Task statement: Each line of the data holding "Star" should be found and copied.

- - -

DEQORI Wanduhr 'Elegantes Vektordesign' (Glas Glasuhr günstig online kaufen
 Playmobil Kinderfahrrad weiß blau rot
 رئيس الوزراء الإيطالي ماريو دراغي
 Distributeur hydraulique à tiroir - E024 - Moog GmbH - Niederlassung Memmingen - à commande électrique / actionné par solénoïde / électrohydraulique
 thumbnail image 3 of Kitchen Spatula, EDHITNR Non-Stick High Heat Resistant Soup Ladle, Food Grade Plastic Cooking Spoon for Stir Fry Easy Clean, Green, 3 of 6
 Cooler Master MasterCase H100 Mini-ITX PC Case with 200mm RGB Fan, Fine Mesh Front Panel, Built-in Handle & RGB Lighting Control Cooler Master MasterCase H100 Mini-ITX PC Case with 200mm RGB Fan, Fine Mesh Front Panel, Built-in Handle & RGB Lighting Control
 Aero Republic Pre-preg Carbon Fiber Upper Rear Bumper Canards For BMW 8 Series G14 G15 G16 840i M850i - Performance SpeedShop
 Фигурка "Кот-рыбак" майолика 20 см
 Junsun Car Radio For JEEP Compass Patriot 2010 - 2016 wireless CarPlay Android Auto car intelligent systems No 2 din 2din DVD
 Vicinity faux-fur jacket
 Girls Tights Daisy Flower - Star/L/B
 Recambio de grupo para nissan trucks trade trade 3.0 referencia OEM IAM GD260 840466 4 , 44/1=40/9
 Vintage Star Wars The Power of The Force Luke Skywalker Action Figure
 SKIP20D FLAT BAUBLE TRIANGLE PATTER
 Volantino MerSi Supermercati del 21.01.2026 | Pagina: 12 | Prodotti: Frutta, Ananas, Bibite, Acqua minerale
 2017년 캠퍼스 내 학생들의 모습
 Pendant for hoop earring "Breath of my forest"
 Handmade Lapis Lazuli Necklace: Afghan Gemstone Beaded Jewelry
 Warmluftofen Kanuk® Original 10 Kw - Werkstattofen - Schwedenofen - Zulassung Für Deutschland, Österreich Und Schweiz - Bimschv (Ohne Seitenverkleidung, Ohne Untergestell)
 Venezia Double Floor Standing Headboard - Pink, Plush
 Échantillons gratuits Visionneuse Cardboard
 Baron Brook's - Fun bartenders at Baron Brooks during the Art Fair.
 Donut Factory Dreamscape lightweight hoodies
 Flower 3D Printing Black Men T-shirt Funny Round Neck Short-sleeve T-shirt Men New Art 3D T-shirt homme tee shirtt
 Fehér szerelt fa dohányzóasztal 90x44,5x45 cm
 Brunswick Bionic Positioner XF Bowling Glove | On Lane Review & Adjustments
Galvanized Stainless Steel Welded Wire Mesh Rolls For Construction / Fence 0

- - -

Reply:
 Girls Tights Daisy Flower - Star/L/B
 Vintage Star Wars The Power of The Force Luke Skywalker Action Figure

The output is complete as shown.